But why is isset(\$arr[\$key]) any faster than using in_array? Doesn’t the application just have to loop through a different set of values instead (this time, the keys instead of the values)? No. This is where hashing comes into the picture. As \$key can be any string value in PHP, the string is hashed and resolved to an internal array id. This means that internally, the following is happening:

\$arr[\$id] => find location by converting \$id to an internal array location (on the C-level) => simply index the array by using this value

Instead of going through all the valid keys, the \$id is converted once, and then checked to see if there is any value stored at that location. This is a simplification, but explains the concept. The complexity of this conversion may depend on the length of the key (depending on the choice of hashing function), but we’ll ignore this here, and simply give it a complexity of O(1). Looking up the index in the array is also an O(1) operation (it takes the same time, regardless if we’re looking at item #3 or #4818, it’s simply reading from different locations in memory).

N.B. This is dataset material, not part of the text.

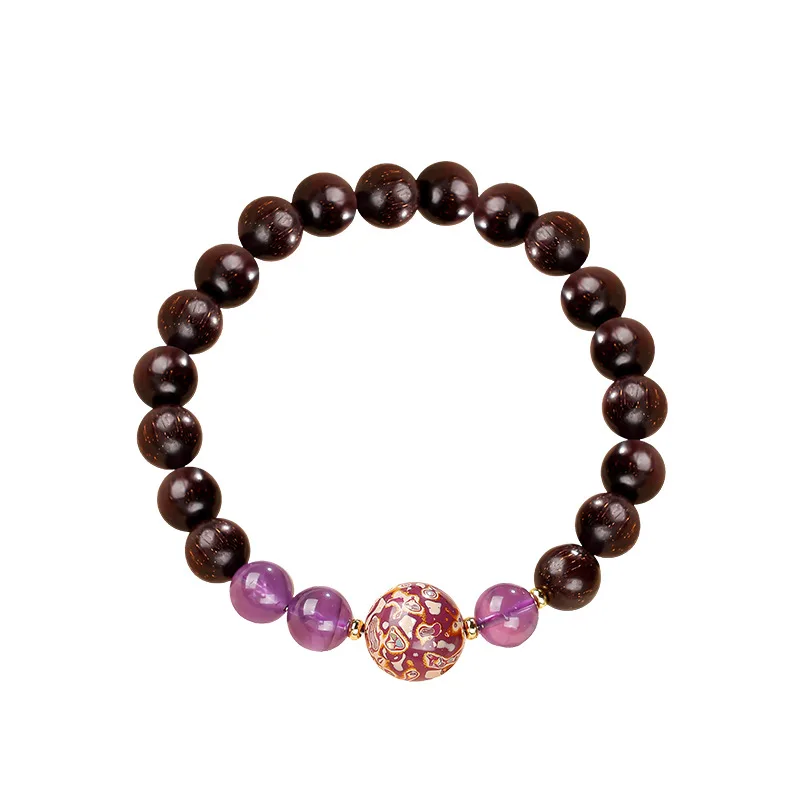 Natural Amethyst Rutilated Quartz, Small Leaf Red Sandalwood, Southern Red Agate & Lacquer Beads Bracelet – Jewelry Gift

This means that while our other loop is still looping through n elements, we’re now just doing a constant lookup in the innerloop. The amount of work done in the inner loop does not depend on the number of elements in b2, and this means that our algorithm instead grows in a linear fashion (O(n)).

Further reading can be found at Wikipedia: Hash function, Big O Notation. I’ll also suggest reading an introductionary book into the field of algorithms and datastructures. The type of book depends on your skillset, but if anyone wants any suggestions, just leave a comment and I’ll add a few as I get home to my bookshelf tonight.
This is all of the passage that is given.